But she was sorry to have to leave them alone together. Jack was entirely too taken with the boy. Beebo moved pensively around the kitchen, preparing the food with unaccustomed hands.

Jack brought Pat to the table when she called them. Pat looked so slender and peaked that she felt a good doctor’s desire to stuff him full of nourishment.

He leaned against the door frame, gazing at Beebo. “Who are you, anyway?” he asked, drunk enough to be brave.

“Sit down, Hungry,” Beebo said, smiling at him.

Abashed, but unappeased, he obeyed.

“You know what’s wrong with you, Pat? Malnutrition,” she said. “If you had any food under your belt, you wouldn’t give two bits for me.” He turned a baffled face to her. “Why hell, the damn bugs eat better than you do,” she told him. “They get all the garbage that ruins your appetite.”

She tried to feed him but he turned away. “I can’t,” he said. The excitement of coming home with this girl he had admired so fervently for a couple of months was too much; that, and all the beer he had drunk…and a new gentle feeling stirring in him for Jack Mann.

“Sure you can,” Beebo said, and began to feed him as if he were a sick lamb, while Jack cut the chicken bits for her. When Pat tried to protest she popped a mess of spicy meat between his teeth and shushed him, wishing all the while that she were ministering to a lovely girl instead of a lost boy.

Beebo stole a look at Jack, afraid of what she might see. But he was regarding Pat with compassion, the same he had shown to her when he found her…and just a trace of desire, tightly controlled. Jack had kindly instincts. It was one of the things Beebo admired most in him. He took care of people because it made him happy. No one was to blame if, when the person was a beautiful young boy, it made him very happy indeed.

Beebo got the chicken down Pat and made him drink his milk, which he did out of pure infatuation for her. And then Jack filled the silence with one word: “Bedtime.”

But Pat seemed to be in a sort of trance, brought on by fatigue, fascination, and a full stomach. “Are you conscious?” Jack asked him with a smile.

“I was just thinking,” Pat murmured, blinking at Beebo. “Maybe I’m straight.”

They laughed at him, till he got indignant and tried to explain that even Beebo’s marginal femininity didn’t discourage him.

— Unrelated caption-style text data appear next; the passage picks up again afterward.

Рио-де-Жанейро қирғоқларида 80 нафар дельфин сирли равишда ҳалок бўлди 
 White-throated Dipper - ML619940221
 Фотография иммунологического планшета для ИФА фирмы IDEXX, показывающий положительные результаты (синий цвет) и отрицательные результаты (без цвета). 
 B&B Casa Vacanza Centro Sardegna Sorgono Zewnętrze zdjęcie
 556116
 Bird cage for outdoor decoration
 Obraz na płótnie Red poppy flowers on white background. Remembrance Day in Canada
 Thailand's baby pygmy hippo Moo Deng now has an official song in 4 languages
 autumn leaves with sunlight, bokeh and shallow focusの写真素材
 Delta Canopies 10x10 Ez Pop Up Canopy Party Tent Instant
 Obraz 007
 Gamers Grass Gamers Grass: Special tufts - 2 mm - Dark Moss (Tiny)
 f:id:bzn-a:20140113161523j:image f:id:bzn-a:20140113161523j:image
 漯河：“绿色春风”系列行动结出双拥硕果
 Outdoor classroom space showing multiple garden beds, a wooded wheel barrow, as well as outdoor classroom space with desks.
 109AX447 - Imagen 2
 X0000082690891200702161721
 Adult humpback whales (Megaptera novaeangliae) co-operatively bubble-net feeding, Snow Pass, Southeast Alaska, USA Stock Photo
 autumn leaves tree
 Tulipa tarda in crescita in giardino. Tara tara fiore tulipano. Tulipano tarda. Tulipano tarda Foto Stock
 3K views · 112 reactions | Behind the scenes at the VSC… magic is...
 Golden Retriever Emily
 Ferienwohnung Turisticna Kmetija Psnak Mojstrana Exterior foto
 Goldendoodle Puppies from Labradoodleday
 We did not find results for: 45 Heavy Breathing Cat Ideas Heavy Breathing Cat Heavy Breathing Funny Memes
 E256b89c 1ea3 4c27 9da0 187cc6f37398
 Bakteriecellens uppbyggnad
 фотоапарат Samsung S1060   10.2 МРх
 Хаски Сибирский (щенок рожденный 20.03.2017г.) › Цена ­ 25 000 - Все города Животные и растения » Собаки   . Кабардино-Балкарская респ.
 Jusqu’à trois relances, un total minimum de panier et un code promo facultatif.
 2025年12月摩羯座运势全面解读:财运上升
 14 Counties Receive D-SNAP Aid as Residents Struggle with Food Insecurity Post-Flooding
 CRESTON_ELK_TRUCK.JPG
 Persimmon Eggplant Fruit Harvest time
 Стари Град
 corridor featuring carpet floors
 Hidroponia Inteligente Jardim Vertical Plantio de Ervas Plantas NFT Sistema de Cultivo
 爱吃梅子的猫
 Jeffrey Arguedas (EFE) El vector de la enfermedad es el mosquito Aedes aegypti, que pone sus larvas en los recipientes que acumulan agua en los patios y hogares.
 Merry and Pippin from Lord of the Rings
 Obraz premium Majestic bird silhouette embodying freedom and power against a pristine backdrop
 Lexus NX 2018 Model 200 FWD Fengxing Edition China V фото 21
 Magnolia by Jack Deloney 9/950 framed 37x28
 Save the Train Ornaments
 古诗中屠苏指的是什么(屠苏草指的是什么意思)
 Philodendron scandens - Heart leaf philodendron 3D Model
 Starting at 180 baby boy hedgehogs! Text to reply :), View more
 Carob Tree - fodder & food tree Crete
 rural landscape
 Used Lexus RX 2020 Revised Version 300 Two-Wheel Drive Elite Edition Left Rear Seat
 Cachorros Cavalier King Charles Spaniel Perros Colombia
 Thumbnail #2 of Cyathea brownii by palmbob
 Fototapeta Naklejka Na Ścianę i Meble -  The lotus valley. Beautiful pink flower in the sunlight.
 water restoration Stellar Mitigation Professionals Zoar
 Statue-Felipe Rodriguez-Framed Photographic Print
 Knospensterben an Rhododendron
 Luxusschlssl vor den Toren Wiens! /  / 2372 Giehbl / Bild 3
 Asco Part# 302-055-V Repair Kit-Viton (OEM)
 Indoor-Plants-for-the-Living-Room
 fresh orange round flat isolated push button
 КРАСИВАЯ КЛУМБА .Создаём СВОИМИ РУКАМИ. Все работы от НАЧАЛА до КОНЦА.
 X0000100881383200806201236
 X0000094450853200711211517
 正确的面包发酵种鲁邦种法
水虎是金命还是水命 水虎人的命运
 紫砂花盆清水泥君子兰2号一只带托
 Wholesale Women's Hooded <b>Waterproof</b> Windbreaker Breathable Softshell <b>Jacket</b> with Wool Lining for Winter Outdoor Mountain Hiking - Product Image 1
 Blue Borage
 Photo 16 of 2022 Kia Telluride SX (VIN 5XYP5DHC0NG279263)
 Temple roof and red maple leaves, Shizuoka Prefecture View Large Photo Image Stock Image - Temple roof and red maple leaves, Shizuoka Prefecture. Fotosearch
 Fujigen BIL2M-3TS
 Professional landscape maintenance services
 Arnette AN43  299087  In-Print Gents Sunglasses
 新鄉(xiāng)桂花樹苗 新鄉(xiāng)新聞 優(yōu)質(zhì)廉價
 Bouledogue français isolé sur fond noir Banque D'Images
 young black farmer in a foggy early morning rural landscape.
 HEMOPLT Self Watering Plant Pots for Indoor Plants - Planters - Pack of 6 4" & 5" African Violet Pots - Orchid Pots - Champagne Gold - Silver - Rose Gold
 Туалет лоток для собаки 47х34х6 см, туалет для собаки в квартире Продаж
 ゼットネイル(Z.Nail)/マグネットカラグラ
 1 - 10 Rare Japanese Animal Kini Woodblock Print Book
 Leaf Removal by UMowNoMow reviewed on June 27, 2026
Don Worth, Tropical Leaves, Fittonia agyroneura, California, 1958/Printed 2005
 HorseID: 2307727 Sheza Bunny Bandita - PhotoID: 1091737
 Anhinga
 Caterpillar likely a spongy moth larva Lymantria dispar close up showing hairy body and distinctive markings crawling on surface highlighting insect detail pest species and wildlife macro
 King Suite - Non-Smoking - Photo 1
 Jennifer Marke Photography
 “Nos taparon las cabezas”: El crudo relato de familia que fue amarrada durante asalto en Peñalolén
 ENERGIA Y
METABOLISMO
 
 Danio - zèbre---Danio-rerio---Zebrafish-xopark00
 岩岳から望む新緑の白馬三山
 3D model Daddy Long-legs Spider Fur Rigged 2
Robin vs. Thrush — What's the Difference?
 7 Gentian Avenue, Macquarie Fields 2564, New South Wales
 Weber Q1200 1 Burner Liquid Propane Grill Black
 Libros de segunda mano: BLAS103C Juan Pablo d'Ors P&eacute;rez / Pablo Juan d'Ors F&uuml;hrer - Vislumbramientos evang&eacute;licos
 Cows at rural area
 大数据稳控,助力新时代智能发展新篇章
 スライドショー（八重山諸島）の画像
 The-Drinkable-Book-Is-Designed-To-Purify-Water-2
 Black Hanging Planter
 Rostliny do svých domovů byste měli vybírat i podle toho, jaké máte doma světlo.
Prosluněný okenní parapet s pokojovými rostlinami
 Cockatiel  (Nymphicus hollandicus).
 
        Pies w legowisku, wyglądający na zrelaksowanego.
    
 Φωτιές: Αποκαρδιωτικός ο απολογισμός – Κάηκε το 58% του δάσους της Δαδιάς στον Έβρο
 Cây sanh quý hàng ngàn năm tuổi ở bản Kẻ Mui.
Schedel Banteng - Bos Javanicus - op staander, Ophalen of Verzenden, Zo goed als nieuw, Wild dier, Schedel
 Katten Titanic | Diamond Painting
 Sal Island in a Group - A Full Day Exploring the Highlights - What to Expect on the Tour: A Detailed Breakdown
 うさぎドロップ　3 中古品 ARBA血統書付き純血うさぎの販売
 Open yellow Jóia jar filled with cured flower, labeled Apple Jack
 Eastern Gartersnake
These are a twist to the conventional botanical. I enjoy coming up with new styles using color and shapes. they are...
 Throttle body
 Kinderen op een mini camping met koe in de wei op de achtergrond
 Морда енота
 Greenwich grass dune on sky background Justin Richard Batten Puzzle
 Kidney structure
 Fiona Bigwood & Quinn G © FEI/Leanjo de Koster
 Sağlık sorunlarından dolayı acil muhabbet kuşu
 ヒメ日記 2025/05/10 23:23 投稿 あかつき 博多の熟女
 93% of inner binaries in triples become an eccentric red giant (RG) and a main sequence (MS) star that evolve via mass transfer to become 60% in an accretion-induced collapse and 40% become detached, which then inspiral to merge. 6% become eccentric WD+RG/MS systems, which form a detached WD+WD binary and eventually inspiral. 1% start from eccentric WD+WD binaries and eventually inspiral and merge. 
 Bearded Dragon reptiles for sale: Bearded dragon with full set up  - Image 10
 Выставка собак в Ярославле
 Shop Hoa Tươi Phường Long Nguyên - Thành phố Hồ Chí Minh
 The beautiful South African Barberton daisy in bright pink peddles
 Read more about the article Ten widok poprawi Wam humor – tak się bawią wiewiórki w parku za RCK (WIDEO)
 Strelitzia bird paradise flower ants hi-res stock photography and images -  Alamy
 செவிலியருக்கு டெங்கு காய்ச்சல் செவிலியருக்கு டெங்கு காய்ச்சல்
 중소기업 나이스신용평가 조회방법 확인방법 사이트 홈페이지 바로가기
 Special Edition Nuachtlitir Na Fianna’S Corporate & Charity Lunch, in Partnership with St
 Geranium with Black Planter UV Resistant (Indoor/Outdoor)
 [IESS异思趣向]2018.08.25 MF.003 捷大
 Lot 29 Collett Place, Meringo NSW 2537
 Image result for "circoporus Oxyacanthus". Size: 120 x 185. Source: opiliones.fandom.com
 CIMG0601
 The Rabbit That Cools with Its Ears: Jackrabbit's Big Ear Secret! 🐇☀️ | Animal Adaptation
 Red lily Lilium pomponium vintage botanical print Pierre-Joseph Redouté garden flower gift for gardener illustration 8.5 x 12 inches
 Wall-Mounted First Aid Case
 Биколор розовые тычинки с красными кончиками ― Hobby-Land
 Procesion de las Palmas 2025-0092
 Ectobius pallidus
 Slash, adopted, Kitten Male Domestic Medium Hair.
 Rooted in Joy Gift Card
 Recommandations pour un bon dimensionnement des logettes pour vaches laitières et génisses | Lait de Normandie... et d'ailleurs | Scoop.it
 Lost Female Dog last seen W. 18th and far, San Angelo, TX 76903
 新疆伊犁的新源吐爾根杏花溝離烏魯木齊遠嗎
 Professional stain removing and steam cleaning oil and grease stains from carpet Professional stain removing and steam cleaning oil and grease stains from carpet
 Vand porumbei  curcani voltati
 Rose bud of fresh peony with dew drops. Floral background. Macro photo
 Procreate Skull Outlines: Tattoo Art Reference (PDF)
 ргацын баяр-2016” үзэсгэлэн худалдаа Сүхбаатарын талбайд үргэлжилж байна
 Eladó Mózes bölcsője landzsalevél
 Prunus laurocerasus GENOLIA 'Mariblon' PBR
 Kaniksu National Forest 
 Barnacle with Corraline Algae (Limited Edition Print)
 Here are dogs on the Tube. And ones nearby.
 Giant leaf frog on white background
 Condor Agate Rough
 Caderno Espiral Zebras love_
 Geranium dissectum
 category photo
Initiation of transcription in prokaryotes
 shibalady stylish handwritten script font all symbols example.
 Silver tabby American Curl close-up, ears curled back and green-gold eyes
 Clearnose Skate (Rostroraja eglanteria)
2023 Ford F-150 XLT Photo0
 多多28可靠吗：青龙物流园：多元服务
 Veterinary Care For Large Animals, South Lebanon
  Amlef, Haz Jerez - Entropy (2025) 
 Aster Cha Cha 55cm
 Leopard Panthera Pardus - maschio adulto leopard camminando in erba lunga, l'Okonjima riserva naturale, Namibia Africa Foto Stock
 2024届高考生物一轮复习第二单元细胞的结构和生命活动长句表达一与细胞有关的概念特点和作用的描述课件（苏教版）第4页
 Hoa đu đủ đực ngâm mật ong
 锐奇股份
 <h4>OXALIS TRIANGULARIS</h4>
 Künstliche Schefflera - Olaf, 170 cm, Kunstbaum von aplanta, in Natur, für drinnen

“You need some sleep, buddy,” Jack told him, and took him off to the sofa. “And no damn trash cans for you in the morning.”

“What if I lose my job?” Pat said.

“That would be the best thing that could happen to you.”

“I’ll starve,” Pat whispered.

“Not while I’m around,” Jack said. Pat smiled at him sleepily, and then shut his eyes and turned on his side.

Beebo climbed into Jack’s bed feeling like an impostor. But she was embarrassed to make an issue of it; more than that, afraid. If she offered to take the sofa herself, Jack might grab the chance to have Pat beside him all night.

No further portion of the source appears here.